* _What to work on_:
All of the records below must be output exactly, with no pictures carried over.

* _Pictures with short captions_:
....

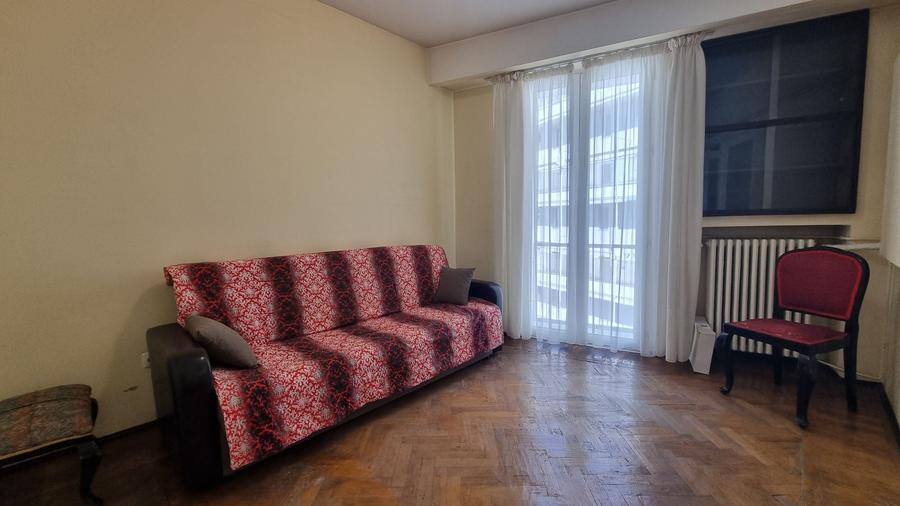 Apartament cu 2 camere semidecomandat în Cișmigiu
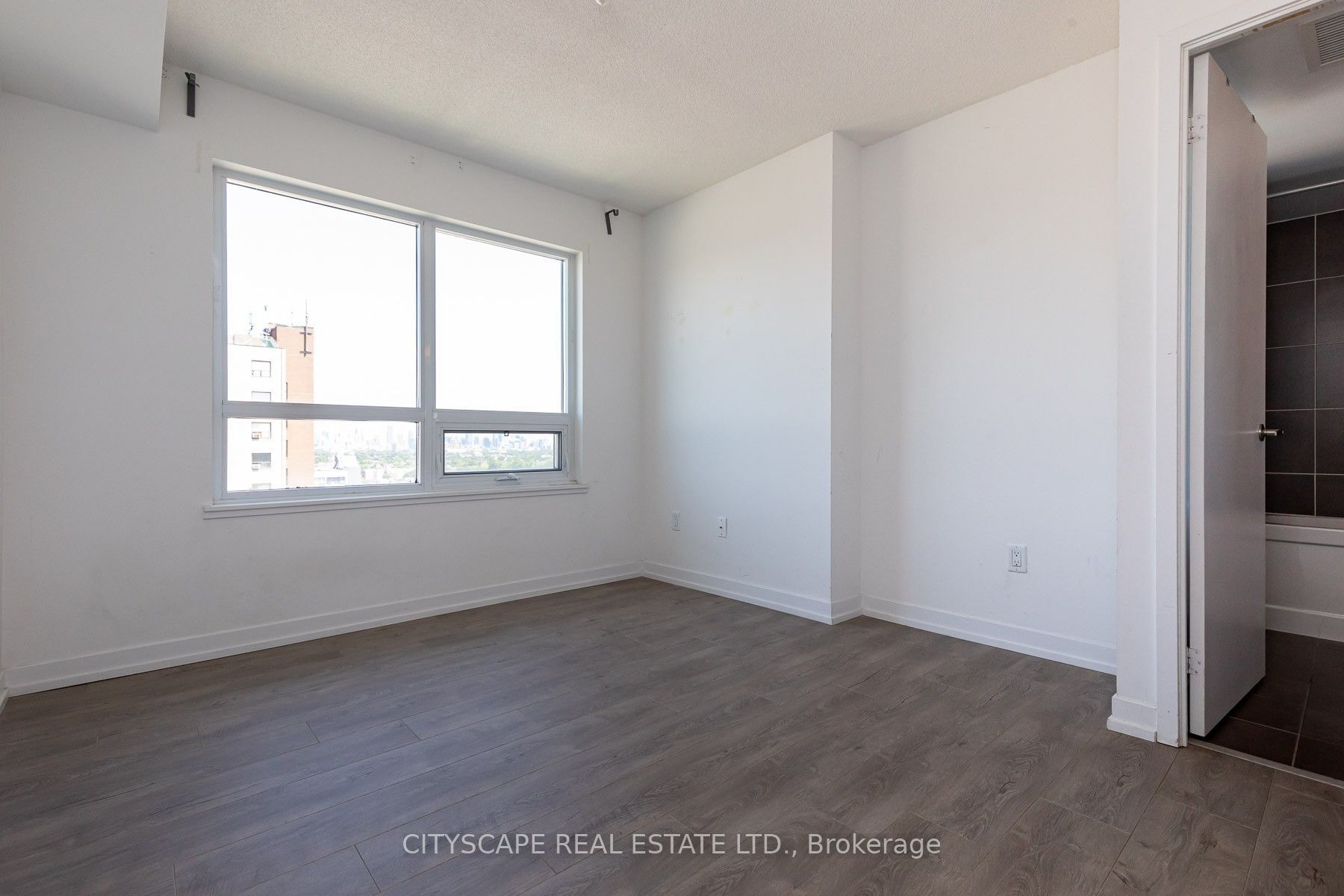 Unit 2304 - 1410 Dupont Street, Toronto 5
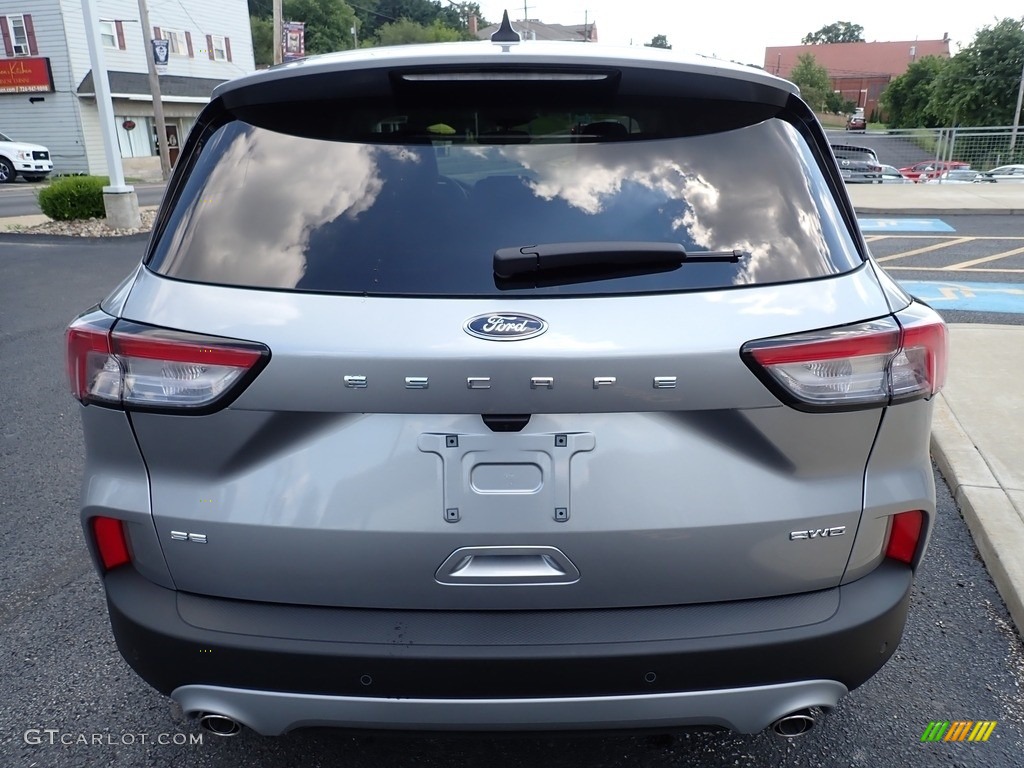 2022 Escape SE 4WD - Iconic Silver / Sandstone photo #4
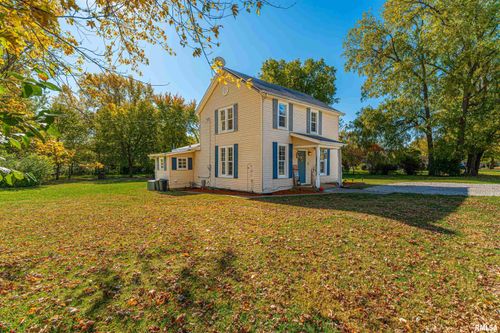 108 W A St, Delavan, IL, 61734-9352 | Card Image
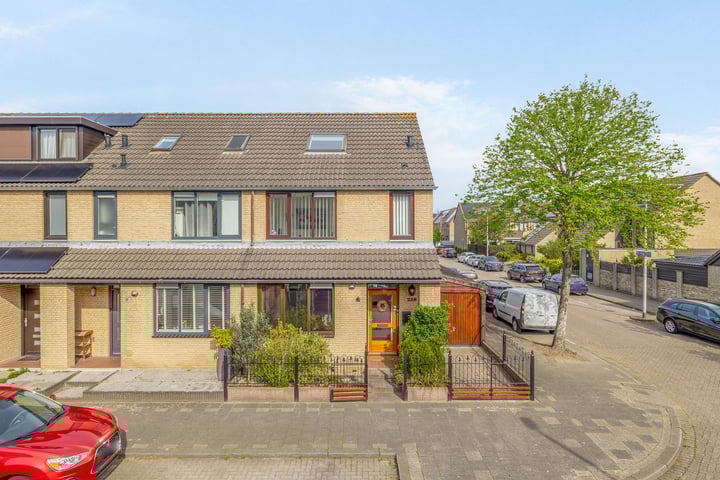 Boy Edgarstraat 258 in Rotterdam foto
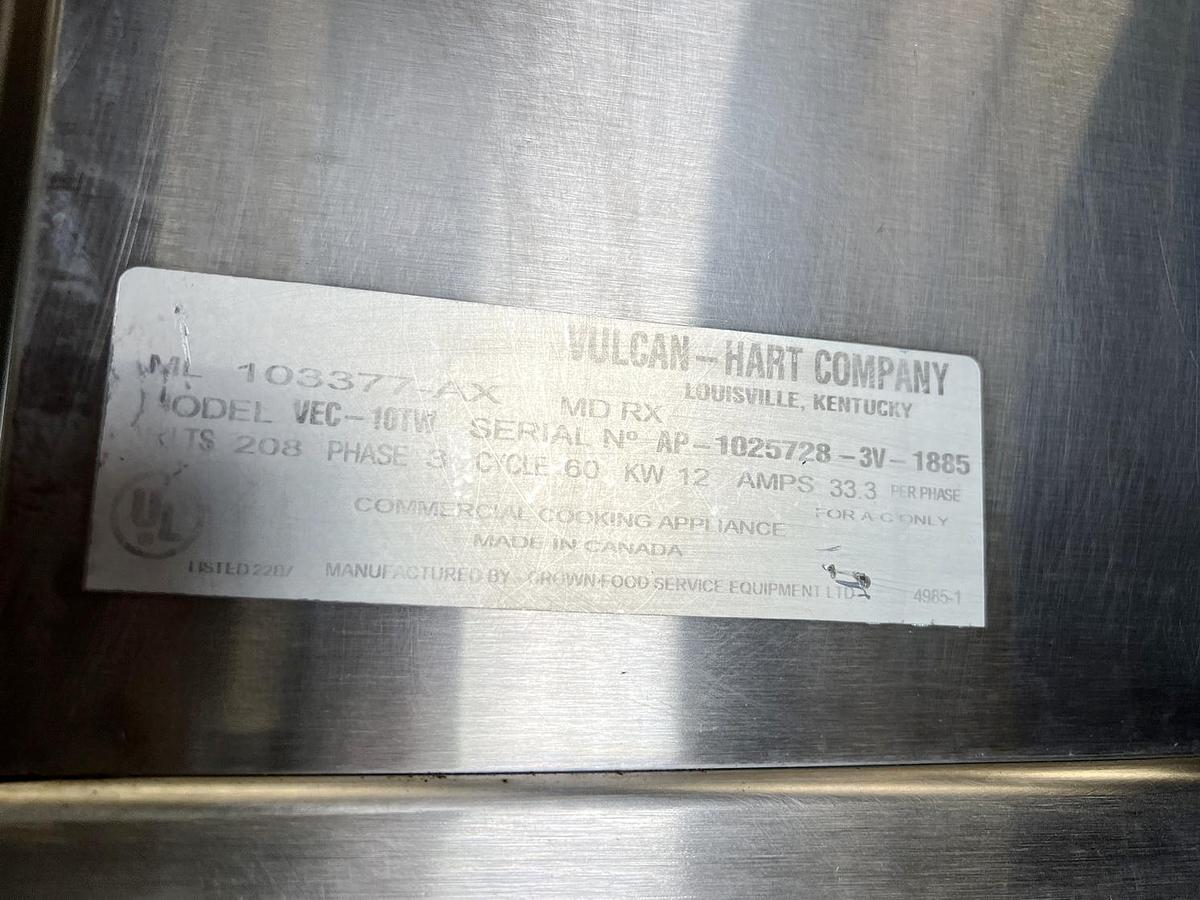 Used Used Vulcan 10 Gallon Tilting Kettle, Stainless Steel, Electrically Heated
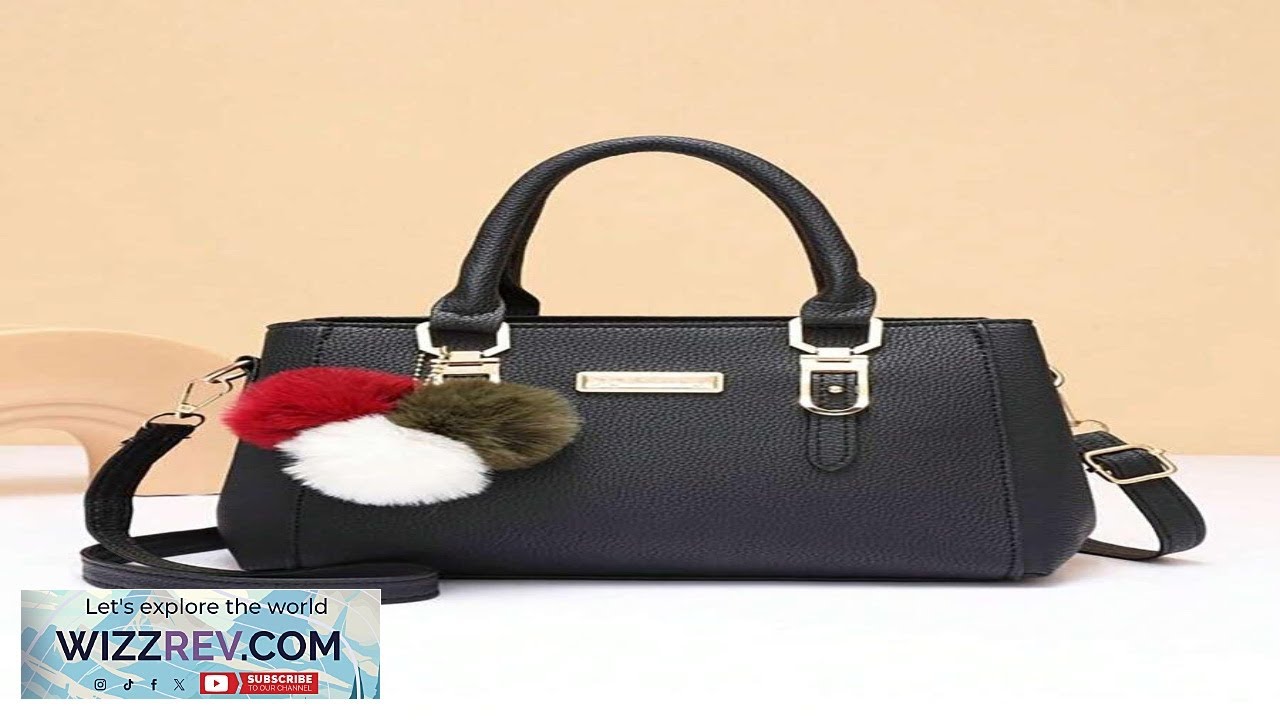 Женская модная сумка с пушистым шариком, однотонная, вместительная, многослойная, на плечо.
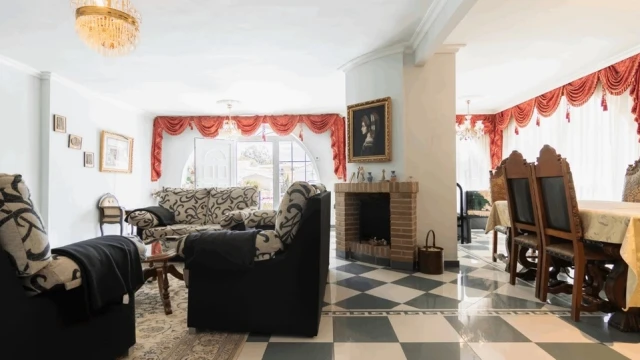 Дом с четырьмя спальнями районе Los Balcones в городе Торревьеха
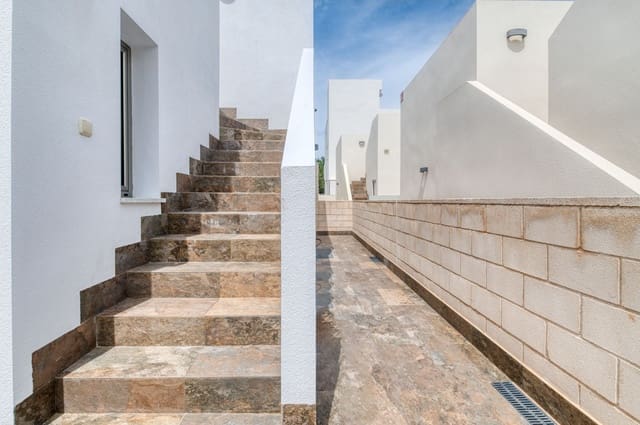 5 Zimmer Villa zu verkaufen in Villamartin, Orihuela mit Pool - 695.000 € (Ref: 9403869)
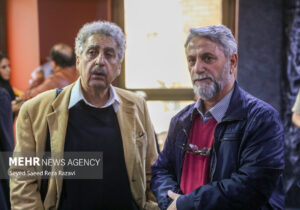 نقاشی که طراح صحنه «پوریای ولی» شد؛ وقتی «نور» امضای بصری هنرمند است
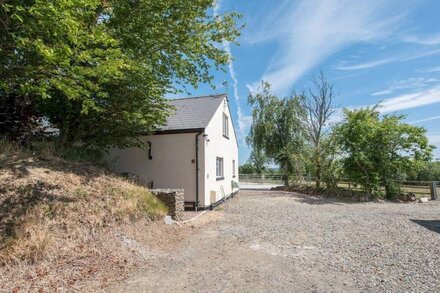 Pass the Keys | Stable Lodge near to Llys y fran Oakwood Bluestone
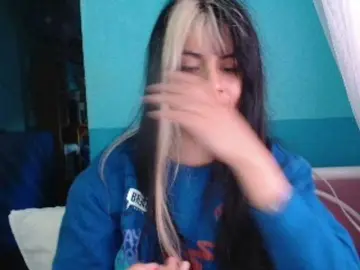 Hairy-Young  live sex cam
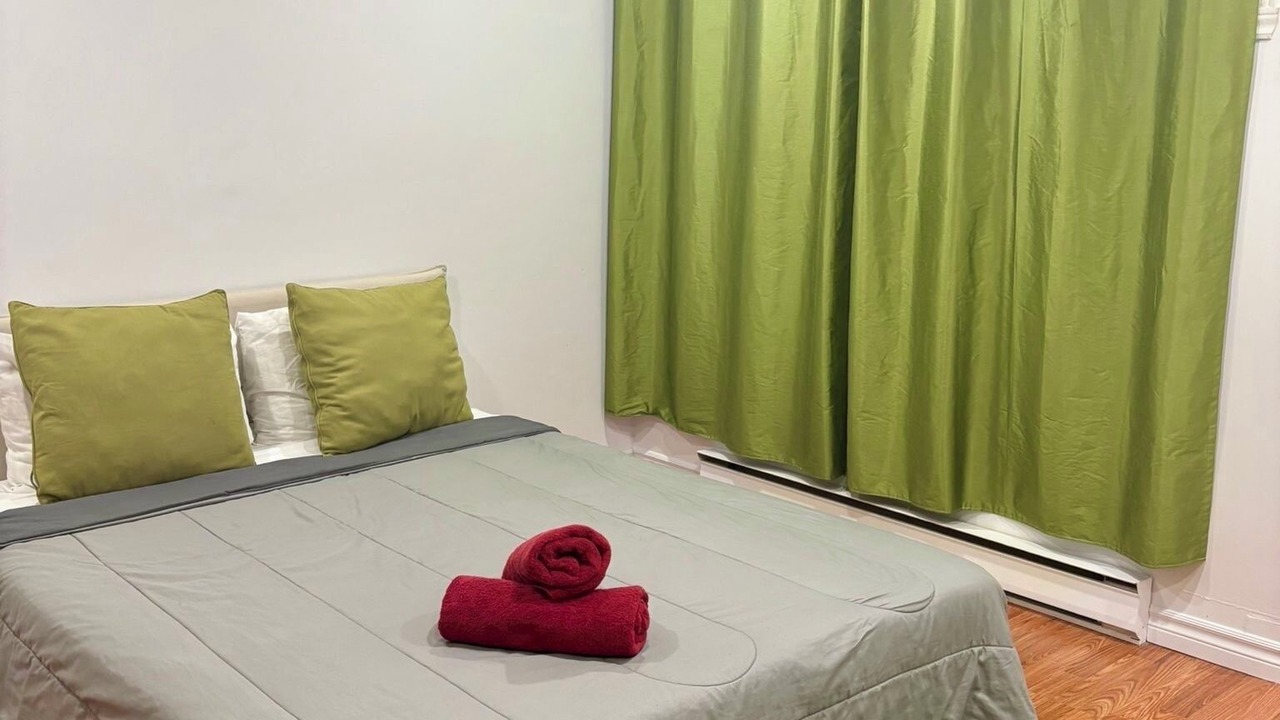 Photo of Bedroom in Laval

....

* _Exercise result_:
 Apartament cu 2 camere semidecomandat în Cișmigiu
 Unit 2304 - 1410 Dupont Street, Toronto 5
 2022 Escape SE 4WD - Iconic Silver / Sandstone photo #4
 108 W A St, Delavan, IL, 61734-9352 | Card Image
 Boy Edgarstraat 258 in Rotterdam foto
 Used Used Vulcan 10 Gallon Tilting Kettle, Stainless Steel, Electrically Heated
 Женская модная сумка с пушистым шариком, однотонная, вместительная, многослойная, на плечо.
 Дом с четырьмя спальнями районе Los Balcones в городе Торревьеха
 5 Zimmer Villa zu verkaufen in Villamartin, Orihuela mit Pool - 695.000 € (Ref: 9403869)
 نقاشی که طراح صحنه «پوریای ولی» شد؛ وقتی «نور» امضای بصری هنرمند است
 Pass the Keys | Stable Lodge near to Llys y fran Oakwood Bluestone
 Hairy-Young  live sex cam
 Photo of Bedroom in Laval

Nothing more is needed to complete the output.